For those who like netapps and statcounter a few points:

  1. What do you think about stats were you have to paid to be counted?
  2. What do you think about being able to see raw stats versus manipulated numbers?
  3. Where do you think you will find ipad usage on statcounter? Hint you have to pay extra to see it.

Daniel.Cardenas (talk) 15:07, 2 April 2012 (UTC)

The article makes it crystal clear that the usage statistics are ESTIMATES and change regularly. I'm watching the Wikipedia editors who like to start flame wars and try their best to remove (or carefully reword) any edits which go against their favourite software company. How do you think I found this debate? I'm not stupid; I know why certain articles that mention a giant software company has a few Wikipedia editors fighting tooth and nail to protect the public from reading the true facts. TurboForce (talk) 12:49, 9 April 2012 (UTC)

google analytics ?

google analytics stats anyone ? --Johnny Bin (talk) 06:49, 26 April 2012 (UTC)

How? Daniel.Cardenas (talk) 17:53, 29 April 2012 (UTC)

Figures for Wikimedia pie chart?

Much as I love it, where do the figures for this chart come from? In the diagram we see, for IE, Chrome, Firefox, Safari, Opera, Android and Other respectively, 25.93%, 24.99%, 21.79%, 14.09%, 5.04%, 3.18% and 4.98%. From the source[2] for 'All requests' we see 25.36%, 24.99%, 21.77%, 5.82%, 3.71%, 2.99% and therefore 15.36%. For 'Html pages' we see 26.58%, 20.90%, 20.92%, 4.81%, 2.30%, 2.77% and therefore 21.72. There is no source on the image page, none in the caption, and no hint of what calculations, if any, are being put into this diagram. I would be much happier with an SVG image that anyone could update and edit, displaying the actual figures we can all clearly see in the source. --Nigelj (talk) 17:40, 9 May 2012 (UTC)
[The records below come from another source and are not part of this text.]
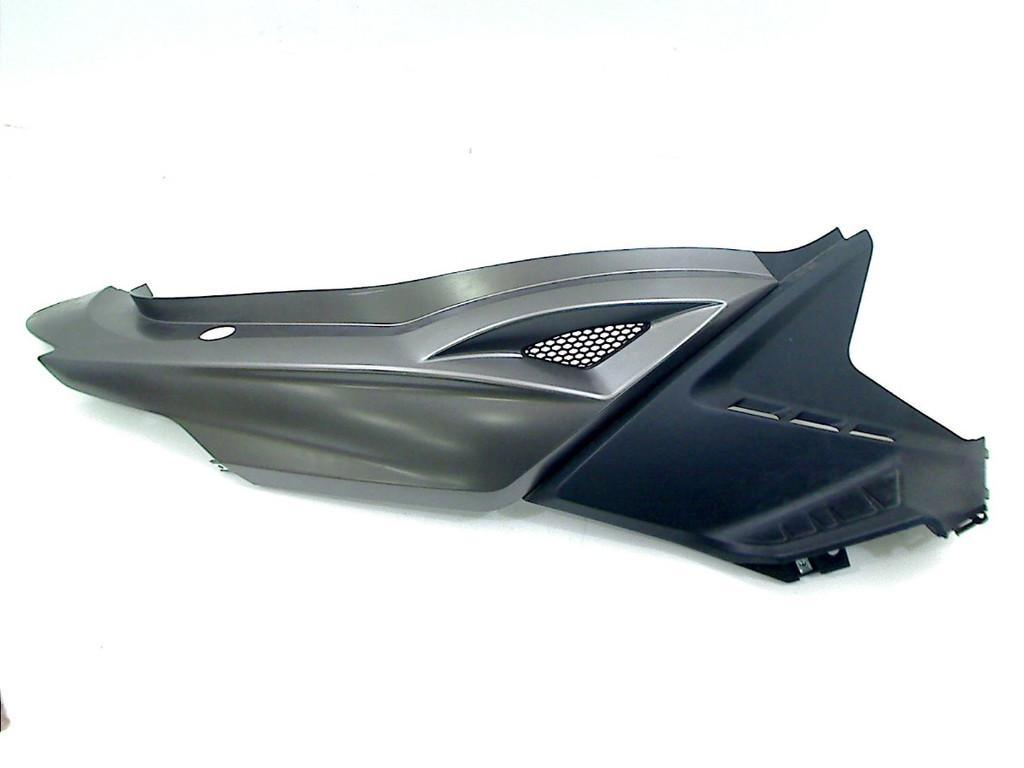 QUEUE DE CARENAGE DROIT Kymco Agility 50 16+ 2021-2023 (E5), Motos, Dhr. S. di Majo, Utilisé, Info@cama-motorparts.nl, P.J. Troelstraweg 8 8
3144 CX  MAASSLUIS, NL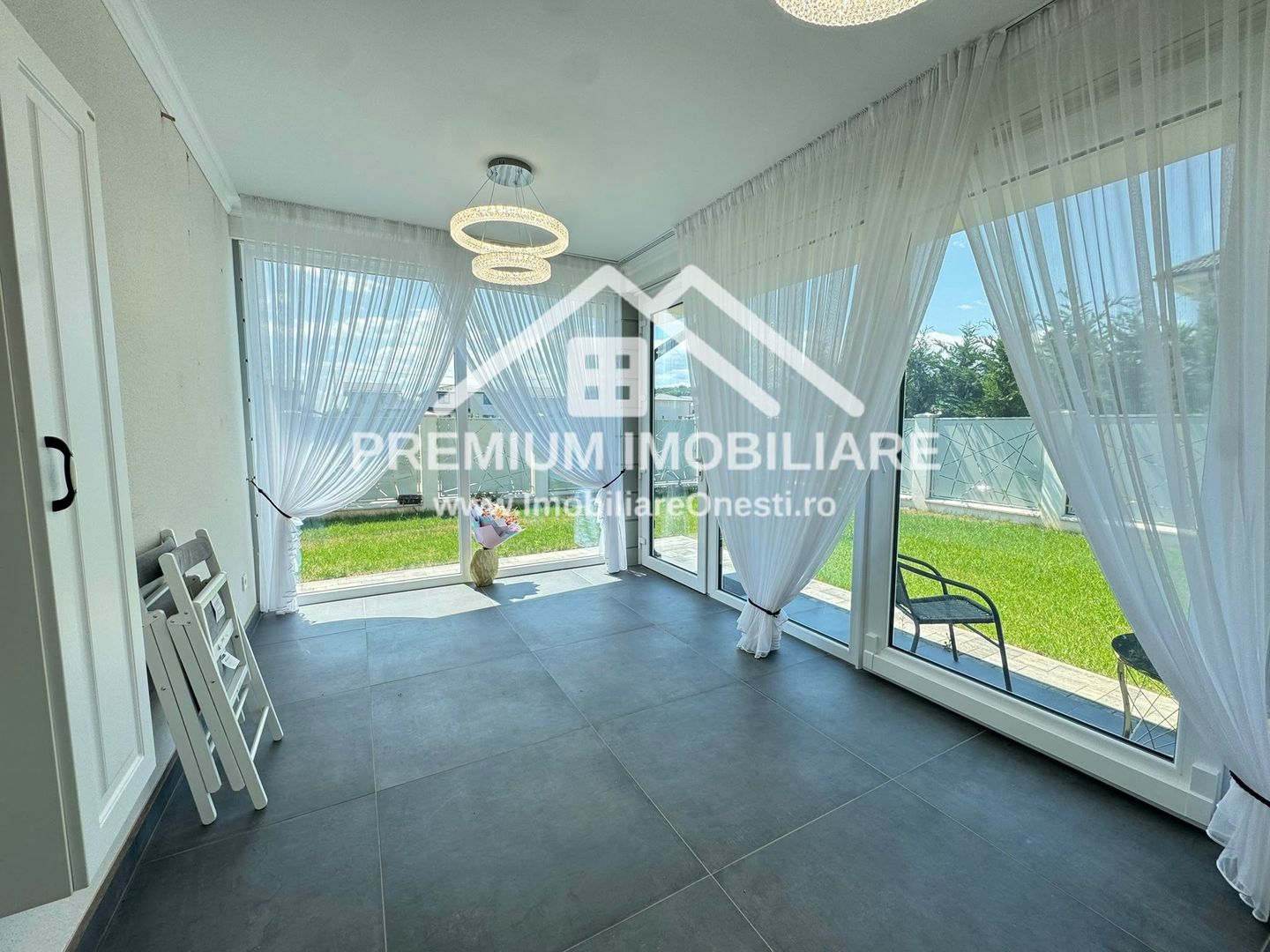 Vila Individuala de Vanzare | Complet mobilata si utilata - Poză 10
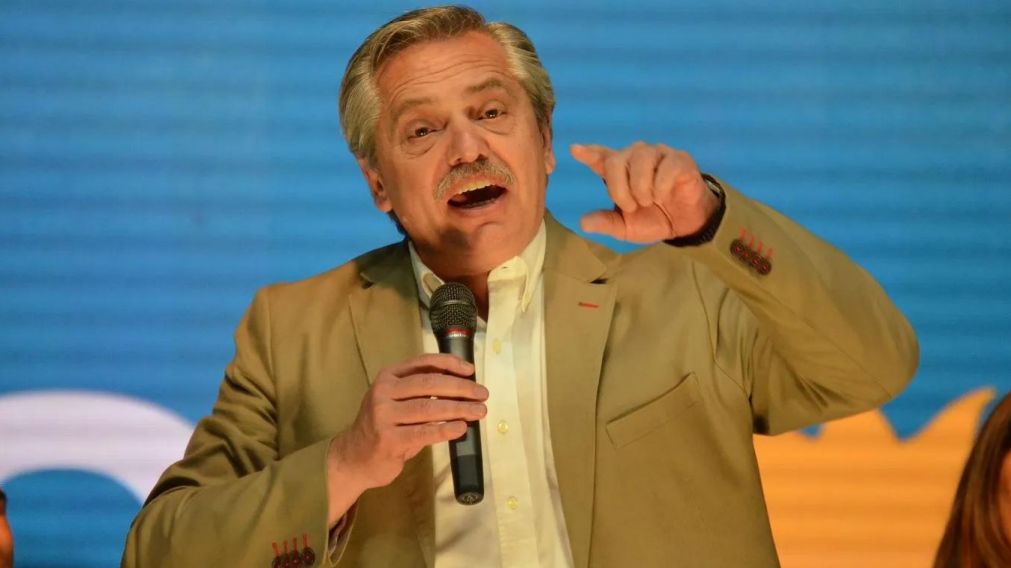 Alberto se prepara para las elecciones del 27 de octubre.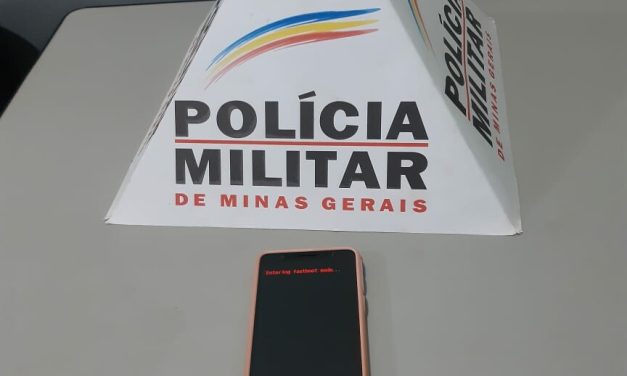 Mulher é detida por suspeita de furto de celular em Itapecerica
OK. Now I've taken the trouble to bring all the figures together, I can see what we're being shown:
'All requests'
non mobile tablets other mobile Total
IE 25.36 0.55 0.02 25.93
Chrome 24.99 24.99
Firefox 21.77 0.02 21.79
Safari 5.82 2.65 5.62 14.09
Opera 3.71 1.33 5.04
Android 0.19 2.99 3.18
Other 4.98
Total 100.00

The problem was that none of this was obvious - to me anyway. Per

WP:V, this should be made clear somewhere. --Nigelj (talk
) 18:02, 9 May 2012 (UTC)

I asked creator on talk page about this and was told for example that I.E. added tablet and mobile numbers also. Not sure what the solution is to the confusion. Perhaps expand this article table to do the same? What do you think?   Thanks! Daniel.Cardenas (talk) 18:05, 9 May 2012 (UTC)
Thanks Daniel. Having gone to the trouble of creating it, I copied the table above onto the graphic's Commons page. I think that covers it. Every figure was, in fact, perfect. --Nigelj (talk) 18:24, 9 May 2012 (UTC)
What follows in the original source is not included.